Art. 24 (Pubblicità legale e Albo Ufficiale on-line)

  1. Ai sensi dell'art. 32 della L. 69/2009, la Scuola provvede alla pubblicazione degli atti e dei documenti con funzione dichiarativa, costitutiva o di pubblicità notizia sul proprio sito web istituzionale www.sns.it.
  2. E’ istituito l'Albo ufficiale on-line della Scuola, accessibile su apposita pagina del sito web della stessa, ove vengono assolti gli obblighi suddetti, salvo che le leggi o i regolamenti non dispongano forme diverse o ulteriori di pubblicazione. In ogni caso, la pubblicazione dell’atto all'Albo ufficiale on-line della Scuola ha effetto di notifica a tutti gli interessati.
  3. La pubblicazione degli atti all'Albo ufficiale on-line rispetta i principi generali sul trattamento dei dati personali ai sensi del D.lgs. 196/2003 e in particolare:
    1. il principio di necessità;
    2. il principio di proporzionalità e non eccedenza;
    3. il diritto all'oblio;
    4. il principio di esattezza e aggiornamento dei dati.

Art. 25 (Termini e modalità di pubblicazione)

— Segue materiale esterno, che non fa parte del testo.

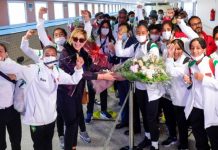 بالصور ..استقبال متميز للمنتخب الوطني النسوي لكرة القدم بطل إفريقيا بالكونغو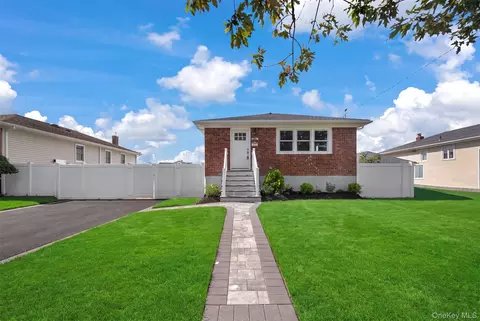 3280 Elliott Blvd, Oceanside, NY 11572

  1. La pubblicazione all'Albo ufficiale on-line è effettuata per un periodo di almeno quindici giorni naturali e consecutivi, salvo che non sia diversamente disposto da leggi o regolamenti oppure espressamente stabilito nell'atto.
  2. All'Albo ufficiale on-line sono pubblicati gli atti formati digitalmente o le copie digitali degli atti formati analogicamente, le cui fasi di archiviazione digitale e di immissione nell'Albo ufficiale on-line sono effettuate da soggetti incaricati dalla Scuola.
  3. Gli eventuali allegati agli atti sono pubblicati, salvo non ostino ragioni di natura tecnica. In tal caso gli allegati restano depositati presso l'unità organizzativa responsabile del procedimento e sono consultabili da chiunque ne abbia interesse.
  4. Il responsabile del procedimento trasmette gli atti da pubblicare all'unità organizzativa competente alla pubblicazione informatica sull'Albo ufficiale on-line, indicando il termine finale.

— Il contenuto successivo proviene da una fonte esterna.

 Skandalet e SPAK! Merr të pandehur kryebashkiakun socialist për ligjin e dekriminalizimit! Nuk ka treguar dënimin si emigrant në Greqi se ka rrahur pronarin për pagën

Art. 26 (Tabella analitica dei procedimenti)

  1. In attuazione del presente regolamento, con atto del Segretario generale su proposta del Responsabile della Trasparenza, sono individuati i procedimenti amministrativi volti all’emanazione di un provvedimento con indicazione dei tempi, ai sensi dell’art. 2 comma 3 della Legge, dei responsabili e di ogni altra informazione necessaria. L’atto è pubblicato all’albo ufficiale e resta consultabile sul sito web della Scuola.

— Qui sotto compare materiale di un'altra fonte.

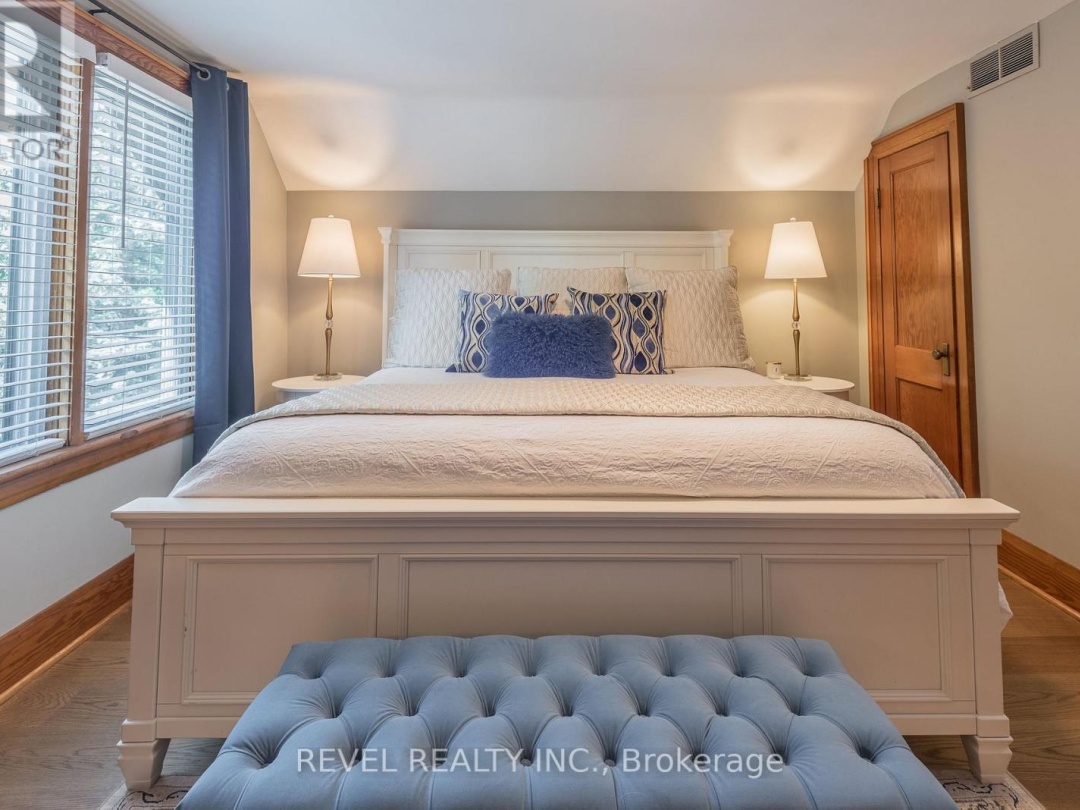 14 BOND STREET W,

Art. 27 (Disposizioni finali)

  1. L’uso, nel presente regolamento, del genere maschile per indicare i soggetti, gli incarichi e gli stati giuridici è da intendersi riferito a entrambi i generi e risponde pertanto solo a esigenze di semplicità del testo.
  2. Il presente regolamento, approvato dal Consiglio direttivo ed emanato con decreto del Direttore, entra in vigore il giorno dopo la sua pubblicazione mediante affissione all'Albo Ufficiale. Da tale data è abrogato il regolamento emanato con DD 331/2004 e s.m.i..
  3. In prima applicazione, l’atto di cui all’art. 26 sarà adottato entro sessanta giorni dall’entrata in vigore del presente regolamento.
  4. Il presente regolamento, si interpreta e si applica tenendo conto della normativa nazionale e comunitaria per tempo vigente.
  5. Le modifiche al presente regolamento entrano in vigore il giorno successivo alla pubblicazione del decreto di emanazione.